→ Data listing

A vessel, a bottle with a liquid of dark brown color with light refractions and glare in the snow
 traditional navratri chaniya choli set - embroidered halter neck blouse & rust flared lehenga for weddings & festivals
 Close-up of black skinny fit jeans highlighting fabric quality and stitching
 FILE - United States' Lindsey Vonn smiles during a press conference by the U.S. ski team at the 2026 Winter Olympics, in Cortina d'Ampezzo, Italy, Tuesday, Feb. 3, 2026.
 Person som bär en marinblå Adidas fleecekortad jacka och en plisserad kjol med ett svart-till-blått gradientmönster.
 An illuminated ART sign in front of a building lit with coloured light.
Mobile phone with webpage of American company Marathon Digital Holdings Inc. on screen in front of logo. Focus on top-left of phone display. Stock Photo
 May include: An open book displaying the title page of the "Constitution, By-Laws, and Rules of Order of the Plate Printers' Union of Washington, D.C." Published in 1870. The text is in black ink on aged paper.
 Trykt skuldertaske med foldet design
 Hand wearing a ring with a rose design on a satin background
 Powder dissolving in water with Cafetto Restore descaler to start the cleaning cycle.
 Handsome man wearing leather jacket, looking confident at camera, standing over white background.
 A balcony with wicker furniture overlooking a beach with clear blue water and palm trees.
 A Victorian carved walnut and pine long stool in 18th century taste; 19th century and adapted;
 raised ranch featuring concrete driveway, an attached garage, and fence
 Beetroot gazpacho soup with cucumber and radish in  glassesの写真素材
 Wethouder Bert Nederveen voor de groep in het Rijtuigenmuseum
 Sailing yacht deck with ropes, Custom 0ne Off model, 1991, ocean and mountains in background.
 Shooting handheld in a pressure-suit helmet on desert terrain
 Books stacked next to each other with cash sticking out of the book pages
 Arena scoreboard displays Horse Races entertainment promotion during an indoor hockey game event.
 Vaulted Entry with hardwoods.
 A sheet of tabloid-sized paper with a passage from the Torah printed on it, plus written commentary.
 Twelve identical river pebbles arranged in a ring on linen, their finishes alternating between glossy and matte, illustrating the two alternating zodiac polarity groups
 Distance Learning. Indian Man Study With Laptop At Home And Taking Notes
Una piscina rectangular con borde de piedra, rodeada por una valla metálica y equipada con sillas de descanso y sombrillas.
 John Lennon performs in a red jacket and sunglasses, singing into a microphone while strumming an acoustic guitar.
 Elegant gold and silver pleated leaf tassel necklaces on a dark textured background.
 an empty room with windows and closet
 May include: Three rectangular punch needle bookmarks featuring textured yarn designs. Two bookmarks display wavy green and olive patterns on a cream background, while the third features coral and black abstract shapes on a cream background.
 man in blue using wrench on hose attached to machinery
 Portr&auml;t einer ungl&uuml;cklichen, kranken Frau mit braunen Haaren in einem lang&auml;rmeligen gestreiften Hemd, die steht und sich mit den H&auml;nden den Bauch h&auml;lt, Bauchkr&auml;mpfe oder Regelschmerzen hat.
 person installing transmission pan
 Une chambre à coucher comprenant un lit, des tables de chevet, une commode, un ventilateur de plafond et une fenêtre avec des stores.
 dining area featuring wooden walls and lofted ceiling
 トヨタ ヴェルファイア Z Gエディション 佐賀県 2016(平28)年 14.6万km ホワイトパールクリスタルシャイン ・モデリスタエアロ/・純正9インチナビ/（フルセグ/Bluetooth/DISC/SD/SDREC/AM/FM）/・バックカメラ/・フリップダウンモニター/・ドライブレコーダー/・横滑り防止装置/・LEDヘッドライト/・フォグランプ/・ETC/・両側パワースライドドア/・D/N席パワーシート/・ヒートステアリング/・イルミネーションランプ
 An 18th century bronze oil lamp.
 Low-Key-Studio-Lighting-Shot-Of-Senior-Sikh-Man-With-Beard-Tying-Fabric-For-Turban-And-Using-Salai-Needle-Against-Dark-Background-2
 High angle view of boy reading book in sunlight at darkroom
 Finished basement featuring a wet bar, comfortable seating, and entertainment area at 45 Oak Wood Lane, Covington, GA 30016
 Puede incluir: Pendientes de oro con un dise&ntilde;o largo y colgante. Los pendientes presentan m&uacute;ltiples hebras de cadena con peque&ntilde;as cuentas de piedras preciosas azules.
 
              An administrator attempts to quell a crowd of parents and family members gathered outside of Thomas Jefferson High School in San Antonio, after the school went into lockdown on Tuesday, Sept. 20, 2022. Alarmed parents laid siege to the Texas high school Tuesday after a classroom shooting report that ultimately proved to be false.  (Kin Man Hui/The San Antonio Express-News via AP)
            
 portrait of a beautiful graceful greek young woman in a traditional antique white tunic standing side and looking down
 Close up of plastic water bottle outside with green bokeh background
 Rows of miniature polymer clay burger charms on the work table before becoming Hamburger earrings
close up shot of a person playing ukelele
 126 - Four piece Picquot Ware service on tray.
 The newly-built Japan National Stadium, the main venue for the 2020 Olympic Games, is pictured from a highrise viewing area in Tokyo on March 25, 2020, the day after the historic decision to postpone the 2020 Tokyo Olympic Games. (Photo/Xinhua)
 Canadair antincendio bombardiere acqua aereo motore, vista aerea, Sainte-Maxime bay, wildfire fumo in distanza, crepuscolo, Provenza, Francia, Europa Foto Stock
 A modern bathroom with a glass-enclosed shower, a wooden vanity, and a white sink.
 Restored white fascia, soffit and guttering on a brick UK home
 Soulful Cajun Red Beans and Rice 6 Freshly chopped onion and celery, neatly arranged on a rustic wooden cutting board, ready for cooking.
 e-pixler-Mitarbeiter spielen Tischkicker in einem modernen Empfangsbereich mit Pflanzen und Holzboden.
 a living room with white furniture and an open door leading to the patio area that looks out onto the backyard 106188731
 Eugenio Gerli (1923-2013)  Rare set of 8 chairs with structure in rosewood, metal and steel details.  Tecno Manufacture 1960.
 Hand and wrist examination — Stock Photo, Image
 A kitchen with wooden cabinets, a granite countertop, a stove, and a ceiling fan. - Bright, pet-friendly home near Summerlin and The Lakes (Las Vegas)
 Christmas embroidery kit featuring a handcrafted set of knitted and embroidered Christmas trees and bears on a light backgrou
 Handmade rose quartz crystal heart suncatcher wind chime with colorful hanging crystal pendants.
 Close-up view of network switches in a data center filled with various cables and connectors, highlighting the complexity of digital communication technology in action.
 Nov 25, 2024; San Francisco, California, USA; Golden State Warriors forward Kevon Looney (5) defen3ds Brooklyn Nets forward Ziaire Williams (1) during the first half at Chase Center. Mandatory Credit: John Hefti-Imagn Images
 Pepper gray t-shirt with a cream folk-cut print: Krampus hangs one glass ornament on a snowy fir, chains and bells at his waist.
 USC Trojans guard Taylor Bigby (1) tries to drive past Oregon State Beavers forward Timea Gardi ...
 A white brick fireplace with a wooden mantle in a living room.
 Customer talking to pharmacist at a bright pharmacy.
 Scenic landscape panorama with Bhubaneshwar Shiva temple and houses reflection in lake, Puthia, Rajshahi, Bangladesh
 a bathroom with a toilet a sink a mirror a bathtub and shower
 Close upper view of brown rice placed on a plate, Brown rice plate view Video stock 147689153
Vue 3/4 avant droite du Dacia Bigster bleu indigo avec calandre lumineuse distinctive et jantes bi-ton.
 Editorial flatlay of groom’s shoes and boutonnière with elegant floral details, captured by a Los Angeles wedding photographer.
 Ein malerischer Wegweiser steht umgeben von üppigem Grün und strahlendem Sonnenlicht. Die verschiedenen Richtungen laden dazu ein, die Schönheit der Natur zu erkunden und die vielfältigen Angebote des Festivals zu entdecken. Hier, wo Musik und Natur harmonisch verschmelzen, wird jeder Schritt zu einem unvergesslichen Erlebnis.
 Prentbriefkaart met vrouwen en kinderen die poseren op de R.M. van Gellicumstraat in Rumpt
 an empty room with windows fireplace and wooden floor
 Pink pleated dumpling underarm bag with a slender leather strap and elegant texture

→ What is required
Of the lines above, extract only those from the line with "May include: An" to the line with "Handsome man wearing", both included, exactly as written.

→ Answer section
 May include: An open book displaying the title page of the "Constitution, By-Laws, and Rules of Order of the Plate Printers' Union of Washington, D.C." Published in 1870. The text is in black ink on aged paper.
 Trykt skuldertaske med foldet design
 Hand wearing a ring with a rose design on a satin background
 Powder dissolving in water with Cafetto Restore descaler to start the cleaning cycle.
 Handsome man wearing leather jacket, looking confident at camera, standing over white background.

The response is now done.